Past research had found that hunger didn’t influence how much people liked non-food objects. Being hungry doesn’t make you like key chains more, for example. But the researchers believed that the findings of this past research might be incorrect. They hypothesized that hunger sends someone into an “acquisition” frame of mind since being hungry activates the parts of your brain involved in finding and getting food. The idea was that the desire to find and acquire things spilled over into other areas of life when a person was hungry because those parts of the brain were already triggered. The team thought that might translate into a person buying more when hungry, even if what they bought wasn’t food.
How did the team test their acquisition hypothesis?
To test this, the researchers conducted four studies. In the first study, the researchers flashed 22 words and 22 gibberish non-words briefly in front of test subjects and asked them to write down each word after they saw it.

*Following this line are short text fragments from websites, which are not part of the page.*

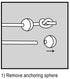 Floating Mat Accessories Grommet Kit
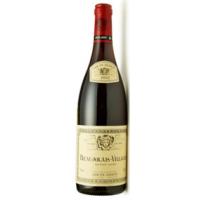 路易亚都世家康柏杰克尔城堡宝祖利山庄红葡萄酒(Maison Louis Jadot Caux Jacq Beaujolais-Villages AOC)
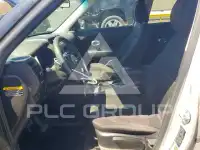 2016 KIA Soul photo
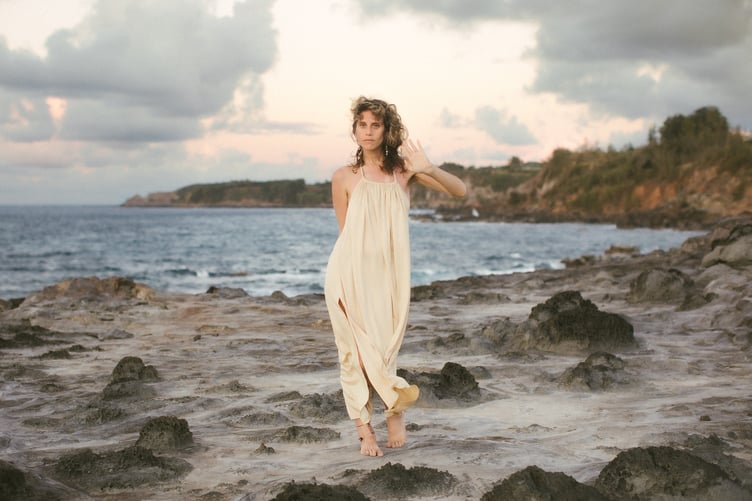 Doe Paoro Ph: Thais Aquino Photography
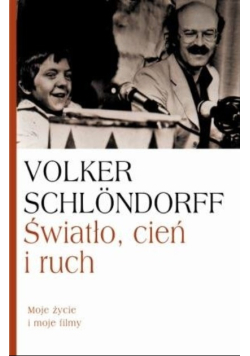 Światło cień i ruch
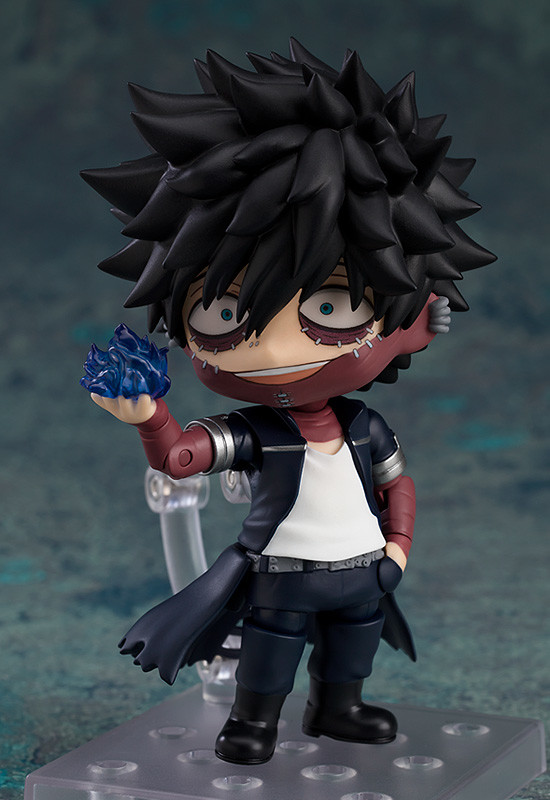 Boku no Hero Academia - Dabi - Nendoroid #1430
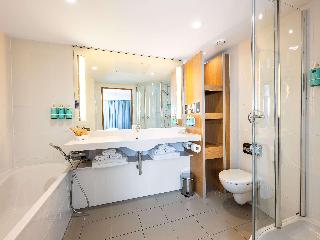 Novotel Cardiff Centre fotoÄŸrafÄ±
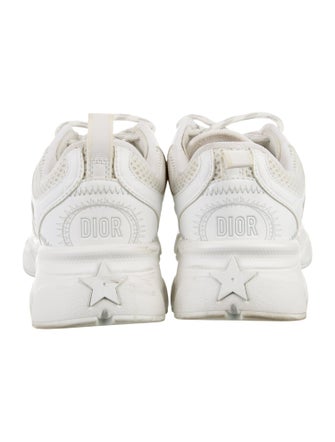 Christian Dior Chrono Chunky Sneakers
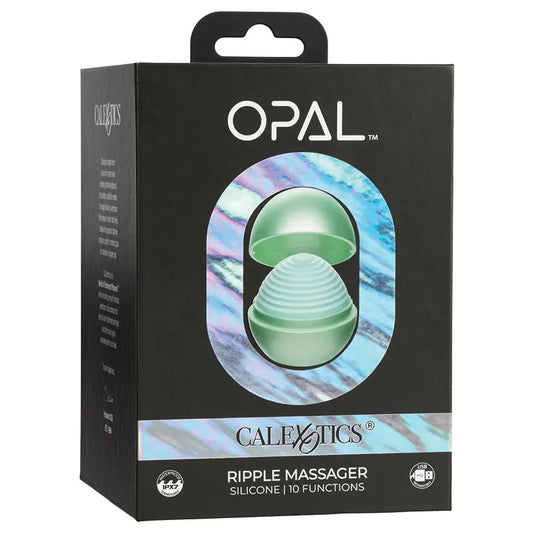 Opal Massager-Ripple My Store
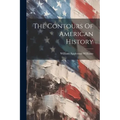 The Contours Of American History - Paperback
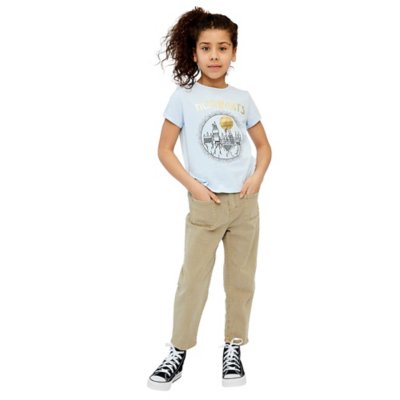 pantalon fille nkfbella titazza shaped an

If they weren’t sure what the word was, they put down an “X.” Nine of the words were related to acquiring things (e.g. want, obtain, gain), four were related to hunger (e.g. hunger, starve appetite), and the rest were unrelated. The hungrier a participant was the better they identified and copied down both the acquisition words and the hunger words compared to the other words, showing their brain was paying more attention to these ideas.
In the second experiment, the team went to a café and recruited people either before or after they had eaten there. They asked them to rate how much they liked 10 products or experiences and then how much they would like to have the 10 products or experiences. Among the 10 items were things both related and unrelated to food. The researchers found that hungry people liked food items more than non-food items, but wanted to acquire food items just as much as non-food items. It seemed that being hungry made you want to visit a spa just as much as it made you want to buy a cookie even if you liked the cookie more.
How did this translate into the real world?
These two studies confirmed to the team that people were more interested in acquiring things when they were hungry, even if the things available weren’t food. They then wanted to test this idea directly. They gathered 88 people and told them they needed to decide how many binder clips to order for their office. Half had fasted for four hours before the study, while the rest ate a small loaf cake from a nearby bakery. They then rated how much they liked binder clips and also rated how hungry they were. While hunger didn’t influence how much they liked binder clips, it did dramatically increase the size of the binder clip order. The hungriest opted for 70% more binder clips than their satisfied counterparts.
In a final study, the researchers went out to a mall and talked to 81 people who had just finished shopping at a department store that carried mostly non-food items. They asked them to rate their hunger and then looked at their receipts. They found that hungrier shoppers bought more non-food items and spent more overall than those who weren’t hungry when they went shopping regardless of how much time they spent in the store or what their mood was when they were shopping.
How does this apply to me?
You might avoid buying the week’s groceries on an empty stomach, but chances are good that you don’t pay much attention to how hungry you are when you shop for other things. Being aware of when you last ate and how hungry you are could help save you some money in purchases that you’re only really making to fulfill that urge to acquire, regardless of whether it’s food or something else.